Hesitantly, Bette stepped forward. Her hand reached out to touch, as if to verify the bruise was real, but she caught herself, arm dropping limply to her side. "You… okay. That's… that's real. I did that. I didn't kill you." Her eyes widened. "I didn't kill you…" she repeated to herself.
"Nope! And that's why I think one day you can touch People again!" Bette's eyes snapped back to hers, walls starting to close in again. Kara continued quickly, to say all the things she couldn't before, "when I first landed I couldn't control my own strength. The yellow sun makes me more powerful than I was on my planet. Everything felt like paper. I… Rao I broke so much of Eliza's furniture… I was terrified to touch anyone. I broke my first boyfriend's nose!"
Bette's lips twitched a little.
"It felt impossible. Like I'd break everything and couldn't control it. But I kept trying and trying and eventually… I got a cat. Streaky. And I pet him and he purred and it was the best day of my life at that point."

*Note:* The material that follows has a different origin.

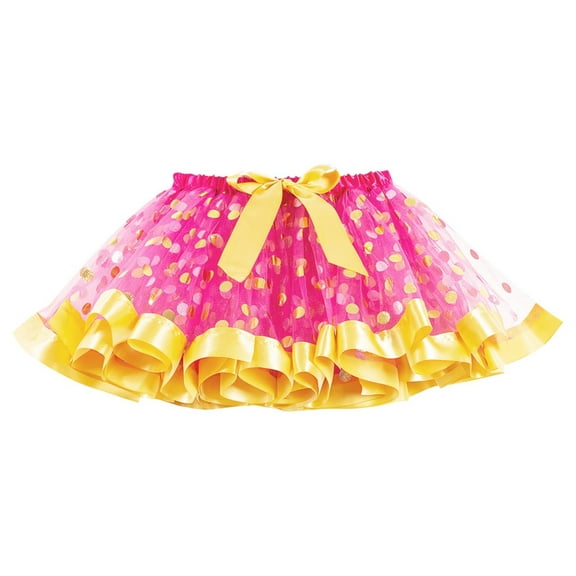 Efsteb Kids Christmas Tulle Tutu Skirt Layered Polka Dots Tutus Festival Outfit Tutu Xmas Costume for Toddler Girls (Hot Pink,7 Years)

"It's not about control Kara… it's…"
"Maybe you just haven't had an environment you feel safe trying in." She deflated, looking down at her hands. "I couldn't make any progress while I still felt terrible about breaking Eliza's stuff. But she bought me a bunch of plates on day and told me to have at it in the yard and… I just want to help you try, Bette. Make somewhere safe for you to try and maybe, maybe one day you'll be able to control it. Explosions can be good, you know? If they're controlled. Combustion engines… "
Bette shot her a look and Kara rubbed the back of her neck sheepishly. Rao, she still wanted to tell her about the possibility of genetic modification to help, but she felt awful just… pushing the issue without knowing that it could be done. She wouldn't play with Bette's hope like that again.
"So… what to you say? We've got this saying on my planet. El Mayarah. Stronger together?"
"Alright," Bette said, her voice a little thick. "El Mayarah. I want to get better."
Kara pulled her into a hug, squeezing her firmly, squeezing all the promises she could into her. They would figure this out. Bette stiffened; her hands held far from Kara, but nothing exploded, and she slowly relaxed into the hug, melting even. "El Mayarah. I'm gonna call a friend. She can help you disappear. And probably destroy Eiling too, now that I think about it. You rest." She pulled back just far enough to point toward the couch.
"I couldn't-"
Kara only pointed again as she pulled out her phone and pressed the contact pinned to the top. "Felicity! Hi!"